I don’t think this is a terribly good argument. With Hagel’s appointment, Obama will have had two of three Republican secretaries of defense. With the lessening appeal of the Republican claim to be strong on national defense, people can now point to the Democrats, “See: even they know they’re weak!” Most likely, Obama would claim that he just wants to get things done. And if there were any real hope of streamlining the pentagon, I might accept that argument. But with the Republican House, it looks like military cuts are going to be things Democrats have to trade away in return for not savaging social programs.

Regardless, I believe that the president deserves to get the cabinet that he wants. If Romney had been elected president, I would not have opposed even the pick of Glenn Hubbard as treasury secretary. But it’s too bad that our president doesn’t do a better job of supporting his own party.

Afterword

There is an up side to Hagel: it drives Fox on 15th Street crazy.

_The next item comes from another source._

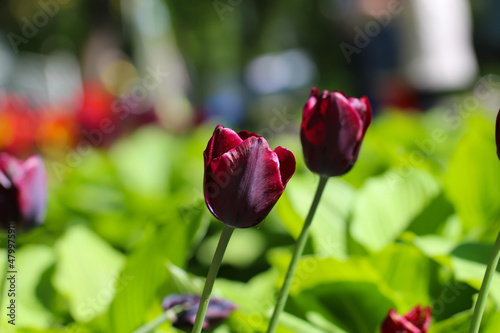 Colorful purple tulips blossom in spring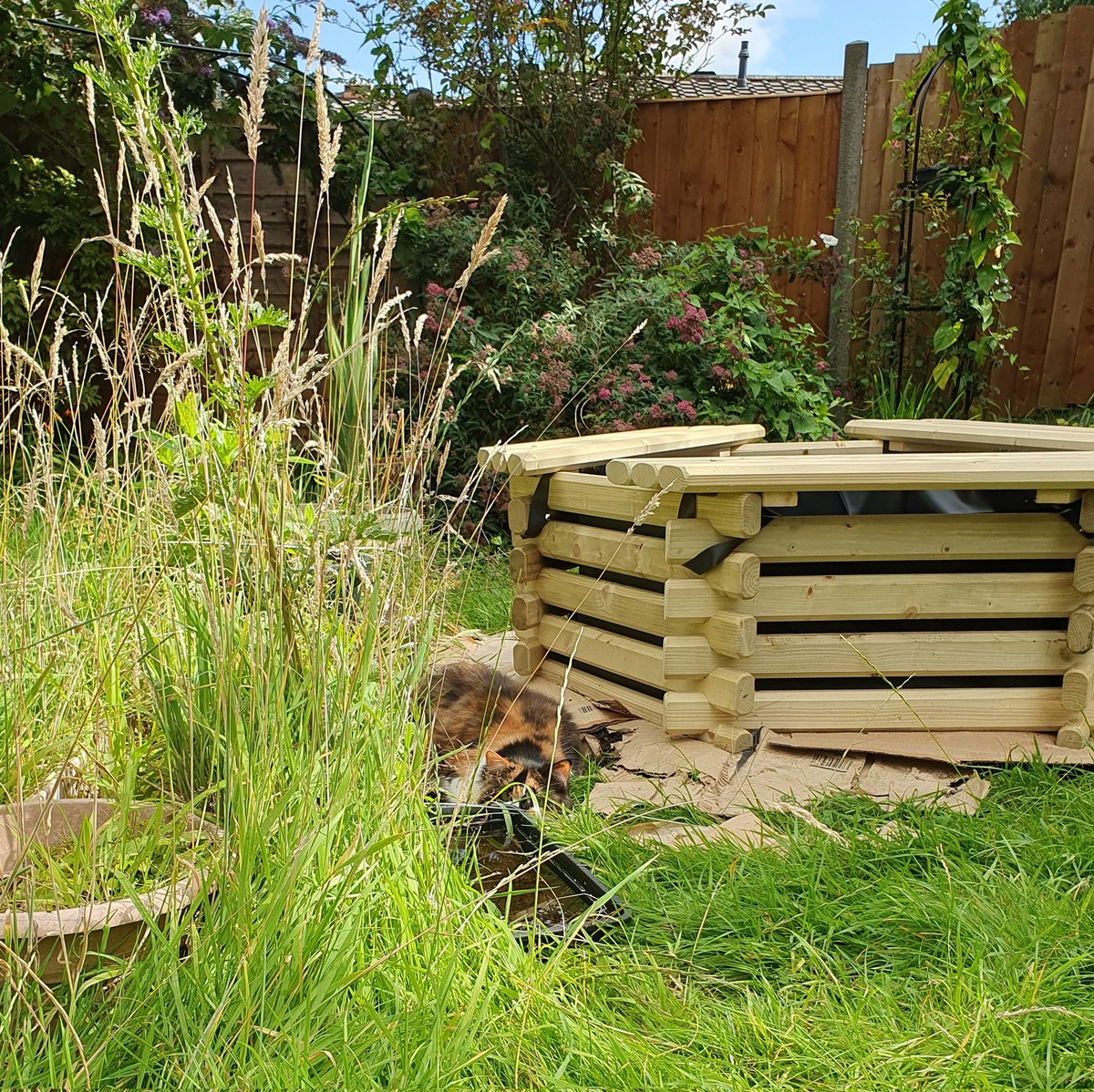 I is hiding!  #Caturday 
<a href="/planetpakua/">𝓖𝓪𝔂 𝓜𝓪𝓻𝓽𝓲𝓷𝓪 🕉 🐲 🐅🇺🇦 🚀🧑‍🚀</a> <a href="/kat3796/">Saint Kat & Gibbs 🇬🇧 🇺🇦</a> <a href="/littlekatmom/">Marsha😻</a> <a href="/Ms_Lilith999/">❤️🌈 In loving memory of our beloved Lilith 🌈❤️</a> <a href="/TiffyLaw3/">𝓣𝓲𝓯𝓯𝔂</a> <a href="/Miss_1999/">Christy Rach</a> <a href="/BlaineRincon/">Blaine Rincon</a> <a href="/KierstenWarren/">Kiersten Warren</a>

Actually, there is more than that. Greenwald puts it well:

Given the steadfast and usually unquestioning support most liberals have given this Democratic President as he’s pursued policies of aggression and militarism, they should refrain from opposing one of the few prominent dissidents on these matters absent some very compelling reasons. So far, nothing remotely compelling has been offered. If this nomination actually happens, this will be one of Obama’s best appointments and boldest steps of his presidency. It would be ironic indeed, and more than a bit unfortunate, if liberals decide to make this nomination one of the very few times they are willing to oppose their party’s leader.